Though I take issue with some of the less significant (at least to his overall thesis) points in this essay, "On Canons" by Fr. Edward T. Oakes, SJ, is a good read and sheds light on some important philosophical (and educational) issues. There is much to consider in this piece, but I will just quote two passages, the first of which considers the critique from some that medieval Christians basically enslaved philosophy to the dictates of faith ... so much so that philosophy was in a slumber, awaiting its day of liberation:
[Etienne] Gilson [...] retorted that, far from poisoning philosophy with a sleeping potion, faith illuminates from above the path reason would follow in any event if it only had a map and a flashlight. Philosophy’s goal has always been the truth, but it has to grope because it can’t see that far ahead. To understand Gilson’s thesis, think of it this way: When one is first studying algebra, say, especially when using one of those teach-yourself books, the problems are given in the front to work out on one’s own, with the answers keyed at the back. Now, if one works out a problem only to discover from the answer key that one got it wrong, one knows then and there that one was wrong but not how or why. For that one needs to go back and retrace one’s steps and see how one can rationally prove both the false step and the true path.

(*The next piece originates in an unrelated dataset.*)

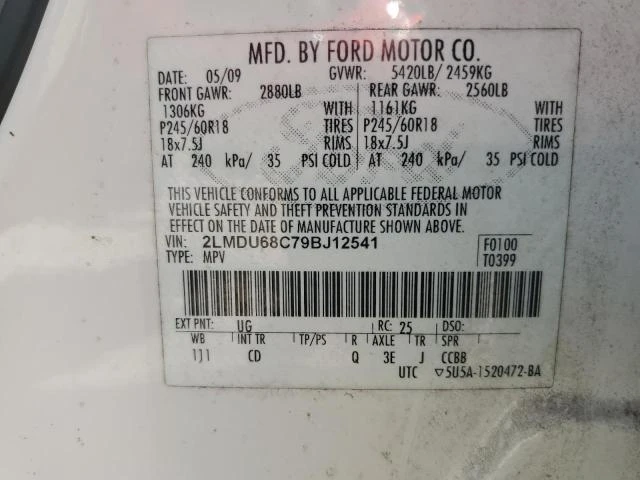 Photo 11 VIN: 2LMDU68C79BJ12541 - LINCOLN MKX 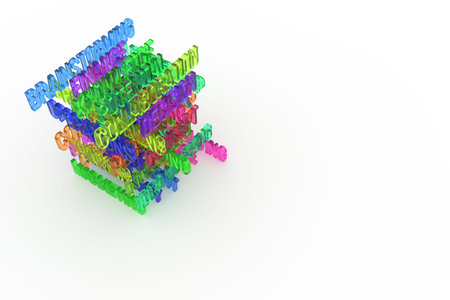 Idea mapping, Concept, business conceptual colorful 3D rendered words. CGI typography, good for design texture, background.の写真素材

And then the closing lines:
But as Adler says in his Aquinas Lecture: “I owe to a friend the insight that it is not possible to be a good disciple of a false doctrine; but it must be added that it is not easy to be the good disciple of a true one.”
1 comment:
I like that last quote. A "good disciple" of a false doctrine is really just responsible for following a lie and the damage done by his following it. You can say you were deceived, or that you didn't know better, but in the end, sooner or later you'd better know better and figure it out, because the natural world and the spiritual are full of all sorts of ugly consequences for promoting lies.
And it's true, that it's difficult to be a good disciple of the truth. "Narrow is the way, and few find it", and few manage to keep from falling off once there. There but by the grace of God go I, and that's a fact.